Clay-Ashland is a township located 10 mi from the capital city of Monrovia in Liberia. The town is in the St. Paul River District of Montserrado County. It is named after Henry Clay — a slaveowner and American Colonization Society co-founder who favored gradual emancipation — and his estate Ashland in Lexington, Kentucky.

Established in 1846, Clay-Ashland was part of a colony called Kentucky In Africa, because it was settled by African-American immigrants primarily from the U.S. state of Kentucky under the auspices of the American Colonization Society.

==History==
A Kentucky state affiliate of the ACS was formed in 1828, and members raised money to transport Kentucky blacks — freeborn volunteers as well as slaves set free on the stipulation that they leave the United States — to Africa. The Kentucky society bought a 40 sqmi site along the Saint Paul River and named it Kentucky in Africa. Clay-Ashland was the colony's main town.

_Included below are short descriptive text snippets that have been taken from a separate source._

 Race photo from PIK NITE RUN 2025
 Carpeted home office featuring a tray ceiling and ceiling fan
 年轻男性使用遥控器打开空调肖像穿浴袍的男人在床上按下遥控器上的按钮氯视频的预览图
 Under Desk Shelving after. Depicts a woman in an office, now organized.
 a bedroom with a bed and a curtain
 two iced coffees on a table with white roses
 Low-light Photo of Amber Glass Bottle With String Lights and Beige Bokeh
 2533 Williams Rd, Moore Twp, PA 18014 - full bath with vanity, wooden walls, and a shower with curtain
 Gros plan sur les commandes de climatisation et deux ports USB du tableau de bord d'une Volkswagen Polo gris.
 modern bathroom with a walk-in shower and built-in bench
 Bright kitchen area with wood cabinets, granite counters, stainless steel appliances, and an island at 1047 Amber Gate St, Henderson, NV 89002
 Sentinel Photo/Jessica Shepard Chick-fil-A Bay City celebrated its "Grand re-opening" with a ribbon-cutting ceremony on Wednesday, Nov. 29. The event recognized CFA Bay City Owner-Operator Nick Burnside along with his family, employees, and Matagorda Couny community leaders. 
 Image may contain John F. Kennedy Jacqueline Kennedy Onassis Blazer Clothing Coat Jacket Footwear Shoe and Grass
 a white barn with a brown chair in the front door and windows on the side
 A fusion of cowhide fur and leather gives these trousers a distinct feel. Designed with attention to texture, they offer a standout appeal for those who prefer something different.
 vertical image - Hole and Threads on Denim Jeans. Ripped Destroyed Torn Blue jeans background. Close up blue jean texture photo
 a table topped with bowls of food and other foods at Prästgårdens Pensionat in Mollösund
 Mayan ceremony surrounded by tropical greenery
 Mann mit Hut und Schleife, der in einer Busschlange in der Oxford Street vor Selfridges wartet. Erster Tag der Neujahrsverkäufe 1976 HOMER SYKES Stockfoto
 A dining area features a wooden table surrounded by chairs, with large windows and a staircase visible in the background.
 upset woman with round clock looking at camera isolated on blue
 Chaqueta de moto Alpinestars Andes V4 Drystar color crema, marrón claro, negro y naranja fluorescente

Notable residents have included William D. Coleman, the 13th President of Liberia, whose family settled in Clay-Ashland after immigrating from Fayette County, Kentucky, United States when he was a boy. Moses Ricks, a successful farmer and Baptist missionary who founded the still-running Ricks Institute in 1887 to provide a Christian education to indigenous youth in Liberia, also grew up in the town. Alfred Francis Russell, the 10th President of Liberia, also resided in Clay-Ashland. Martha Ann Erskine Ricks lived here after her father bought her out of slavery. In 1892 she received a Royal audience with Queen Victoria.

The True Whig Party, which dominated Liberian politics for more than a century, was founded in Clay-Ashland in 1869.